----- Records supplied -----

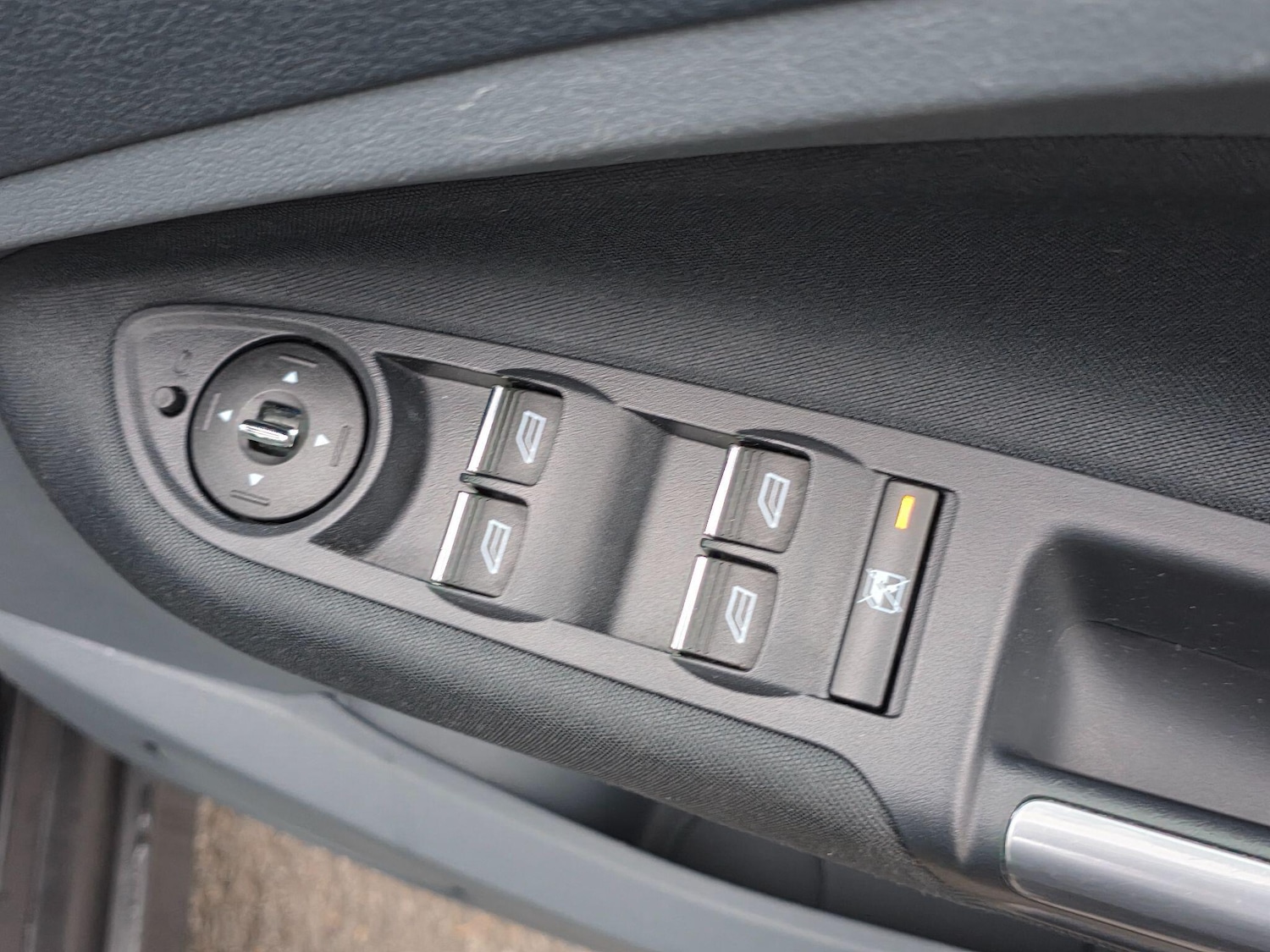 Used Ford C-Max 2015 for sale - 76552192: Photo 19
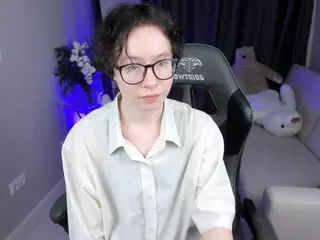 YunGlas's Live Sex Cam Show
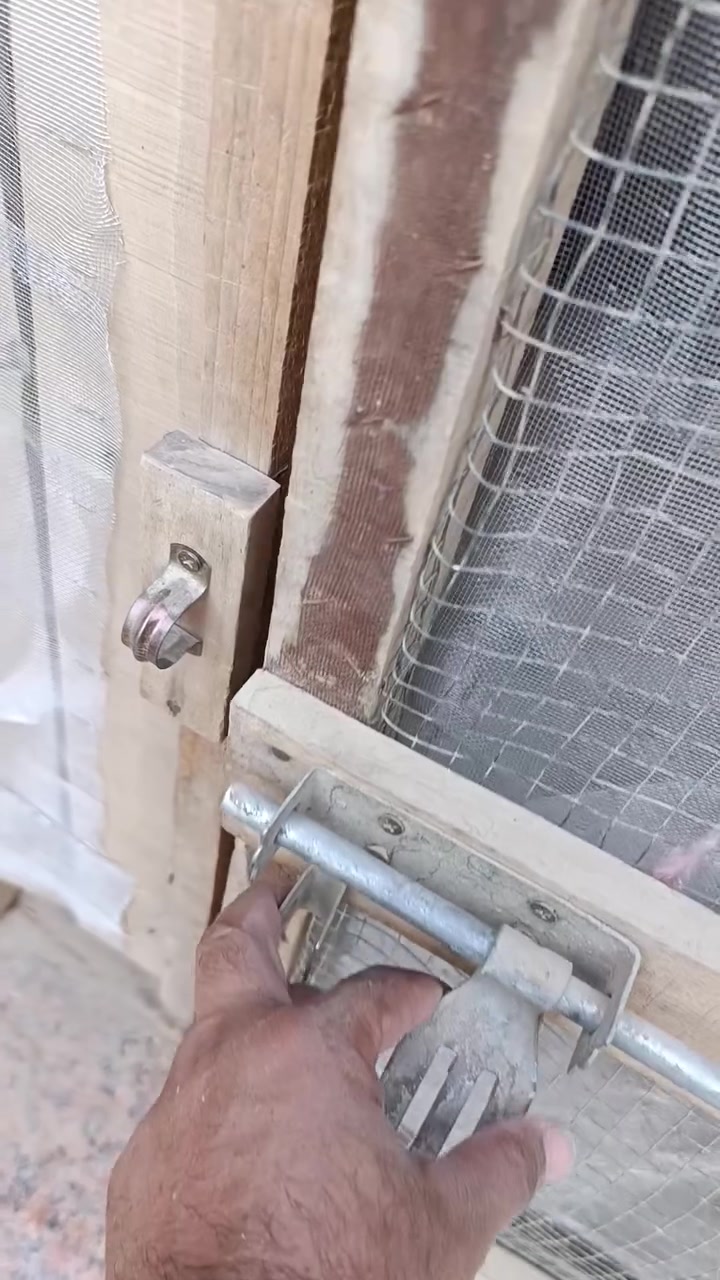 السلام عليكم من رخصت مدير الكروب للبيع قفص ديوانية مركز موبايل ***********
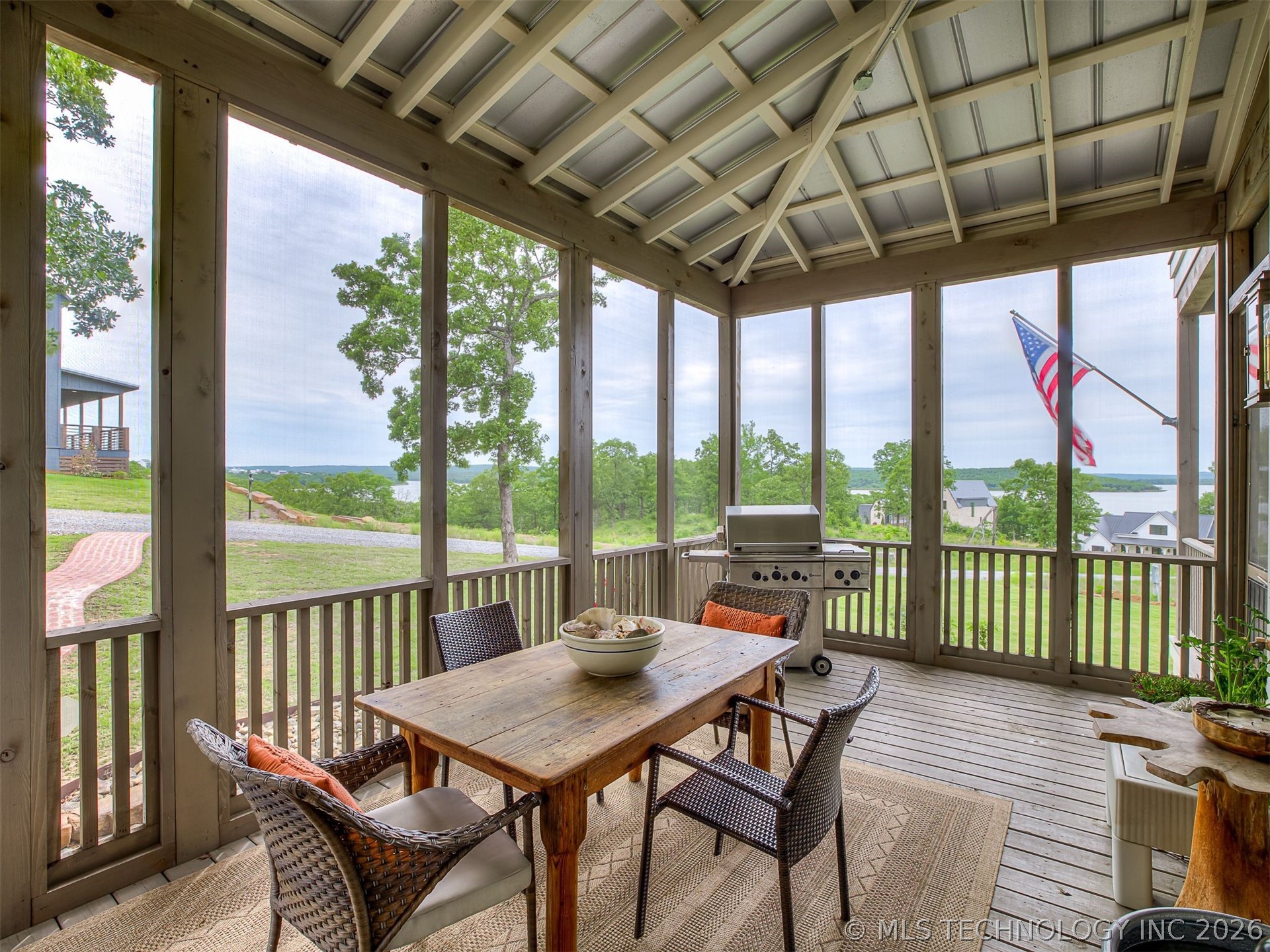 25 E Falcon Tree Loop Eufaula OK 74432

-----
----- Records supplied -----

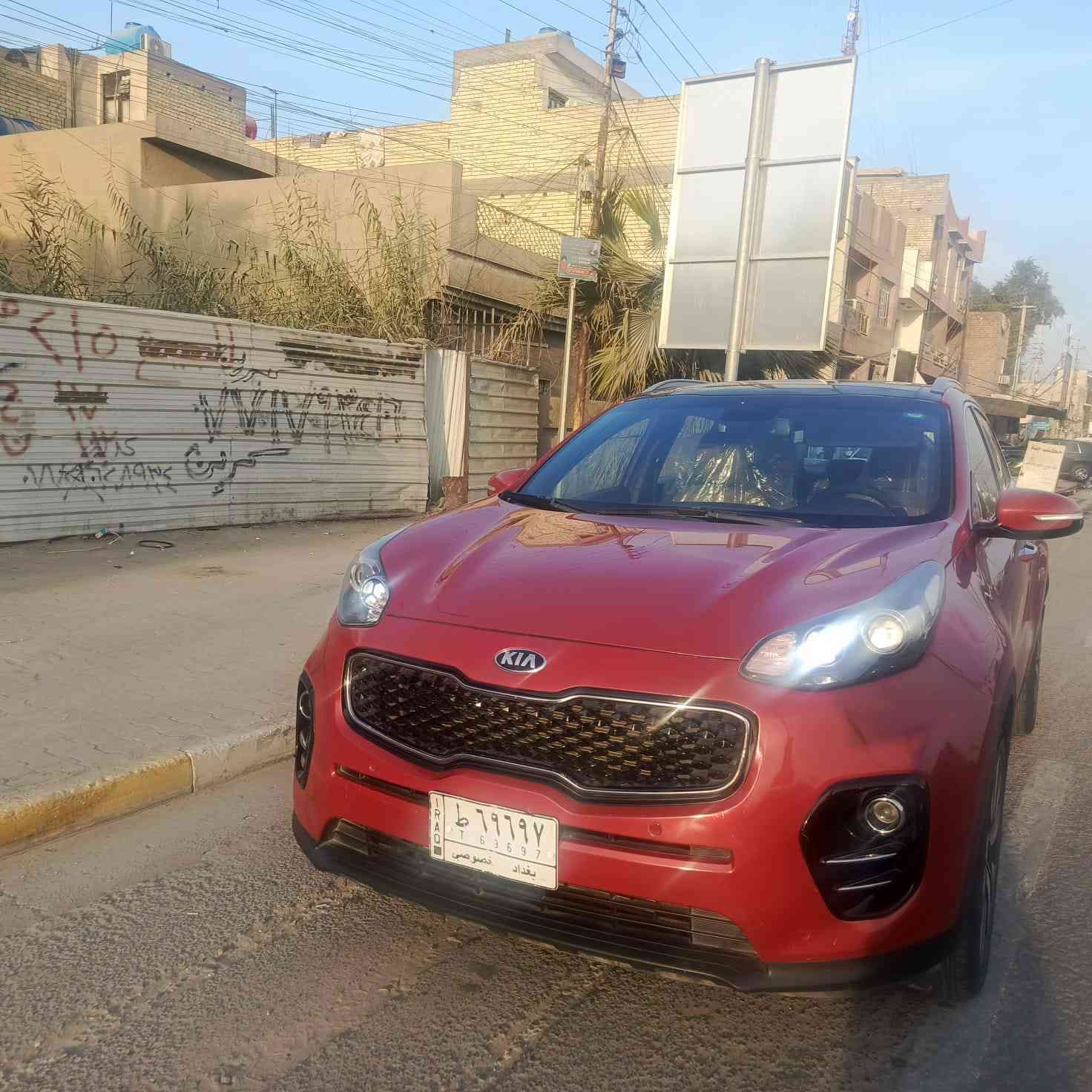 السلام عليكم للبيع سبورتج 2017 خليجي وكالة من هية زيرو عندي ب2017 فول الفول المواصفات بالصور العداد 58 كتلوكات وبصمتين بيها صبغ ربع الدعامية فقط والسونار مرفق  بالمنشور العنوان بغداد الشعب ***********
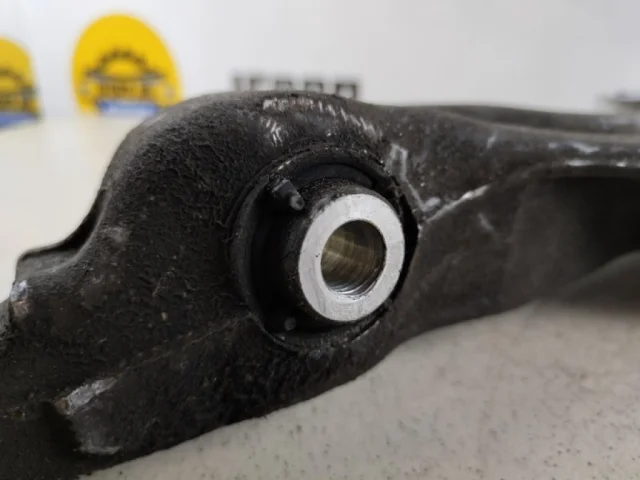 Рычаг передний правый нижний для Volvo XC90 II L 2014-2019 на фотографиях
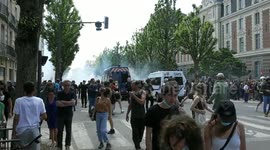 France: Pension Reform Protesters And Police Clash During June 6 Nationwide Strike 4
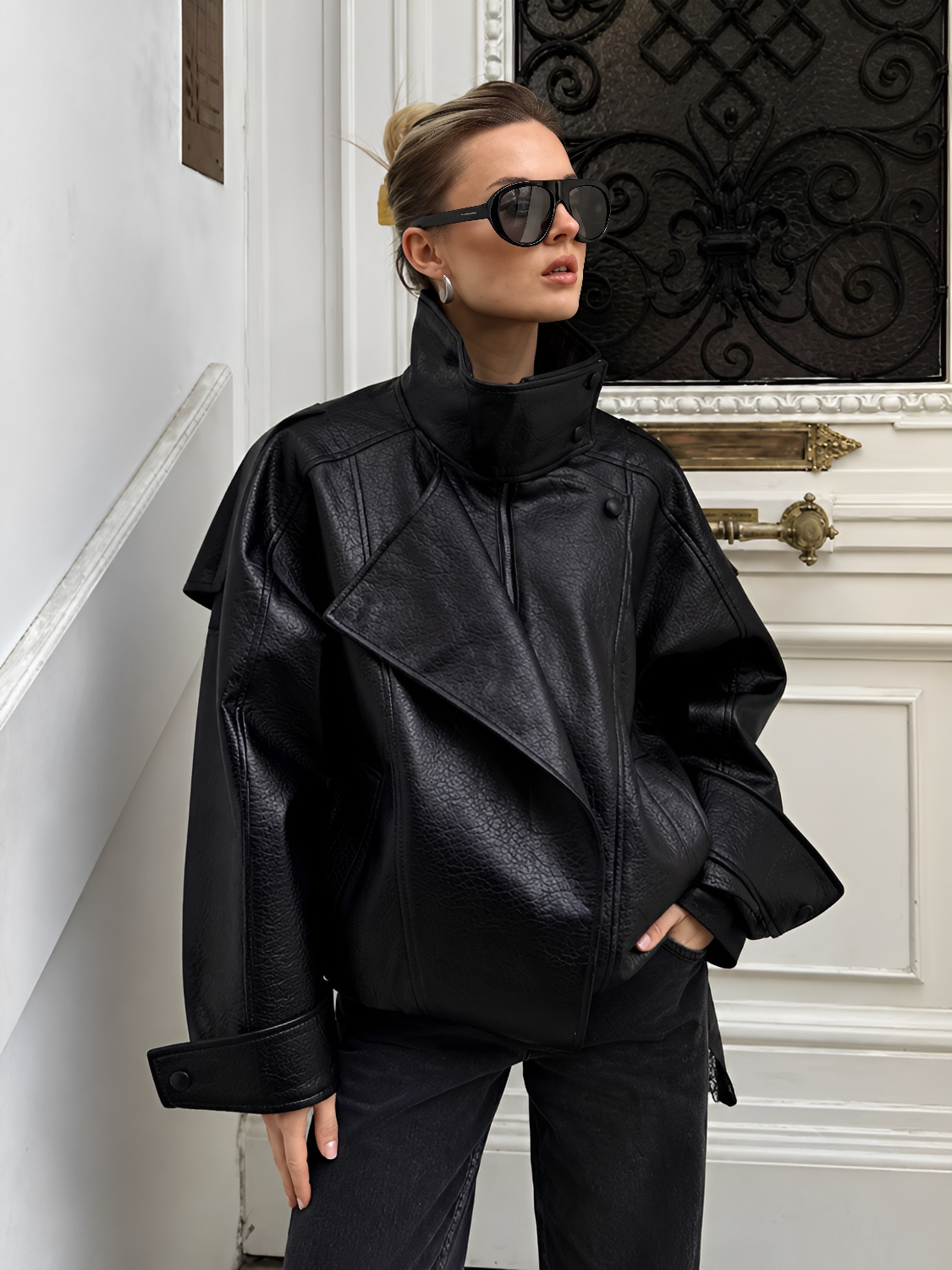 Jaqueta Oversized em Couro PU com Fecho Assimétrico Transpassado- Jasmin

-----
----- Records supplied -----

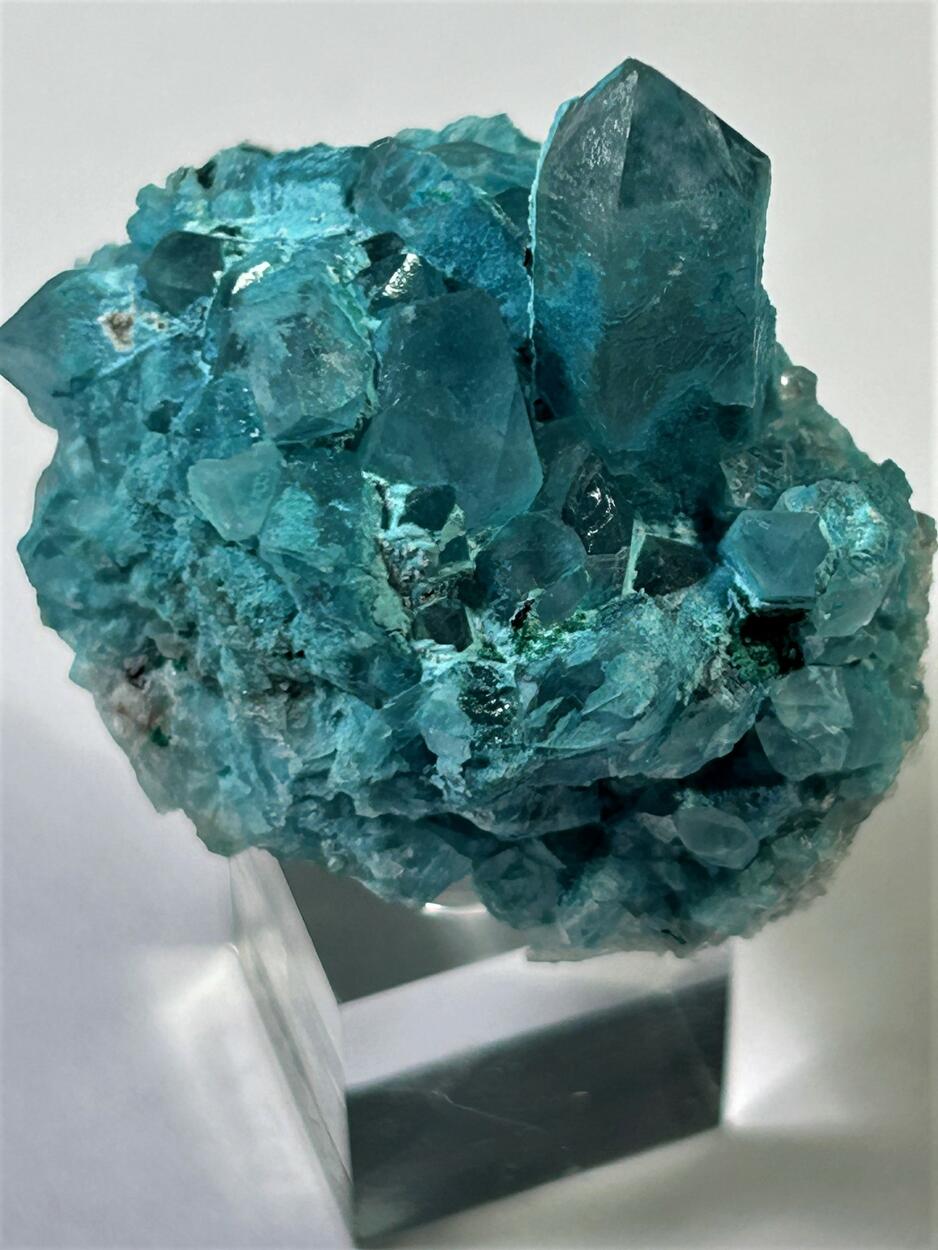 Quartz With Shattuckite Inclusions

-----

> [Instructions for the task] When you reach the line with "السلام عليكم من" in the records above, start writing out each line exactly, and stop after the line with "25 E Falcon Tree Loop Eufaula OK 74432". Pictures stay out.

> [Written answer]
 السلام عليكم من رخصت مدير الكروب للبيع قفص ديوانية مركز موبايل ***********
 25 E Falcon Tree Loop Eufaula OK 74432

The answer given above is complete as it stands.